Students look forward to annual Swamp Stomp festival

Alumni and students across Nicholls State University look forward to the annual local heritage festival, Swamp Stomp.

The seventh annual Louisiana Swamp Stomp festival begins tomorrow. The three-day festival features musicians and artists that pride the culture of southern Louisiana. South Louisiana foods, history, economic development and culture are unique areas the festival will display.

Swamp Stomp has grown interest amongst students who have attended Nicholls in the previous years. From the diversity of Louisiana foods to the showcase of cultural music, many students find the festival very educational.

Chris Johnson, Nicholls alumnus, recalls going to Swamp Stomp during his undergraduate years. Before attending a few festivals, Johnson didn’t realize how much southern Louisiana had to offer.
“The one thing I enjoy about attending the fest each year is the great food and the cultural aspect of the festival,” Johnson said. “Before attending the fest for the first time a few years back, I wasn’t aware of the cultural art and talent offered around here.”

The festival promotes art and music, especially in the Bayou region. Swamp Stomp offers an opportunity for Louisiana artist to promote their talents. Zydeco and Cajun music are are featured in the festival.

Sterling Bailey, a senior sociology major of Ruston, La., enjoys learning about the Cajun culture, specifically Cajun music.

“I’ve heard Zydeco and Cajun music before relocating down here from northern Louisiana, but it’s a difference feel when seeing a live band performing the music,” Bailey said. “It’s more than playing accordion and guitar, it’s also the language of a proud Cajun heritage.”

The mission of the festival is to educate local, regional and out-of-state guests about the unique traditions. With the involvement of Nicholls, Swamp Stomp also aids in helping the University’s overall mission to serve educational needs to south Louisiana.

“I think many folks get a chance to really understand the tradition of the culture,” Bailey said. “For example, when a band plays and you see a group Cajun step-dancing and singing a song in French, that’s tradition ‘down the bayou’ and it’s fun to be apart of.”

The Swamp Stomp Festival is now a meaningful festival that shines light on the beauty of south Louisiana culture.

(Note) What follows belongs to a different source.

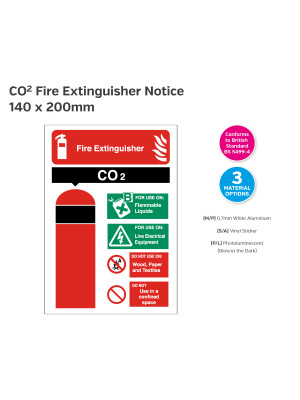 Co2 Fire Extinguisher Equipment Sign - 140 x 200mm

The Southeast Tourism Society has named the Louisiana Swamp Stomp Festival among its “Top 20 Events in the Southeast” for Mar. 2015. The festival will cost $10 a day, or $25 for a weekend pass. There will be no charge for the carnival side of the festival. Children 12 and under and also Nicholls students get in for free. Treater will be the first band to grace the stage Friday, staring at 4:30 p.m. Also on Friday, Tresors du Bayou (Treasures of the Bayou) will take place. Other activities of the festival include the Jumbo Gumbo Cook-Off, 5K Can-Can race and the 1-Mile White Boot Waddle.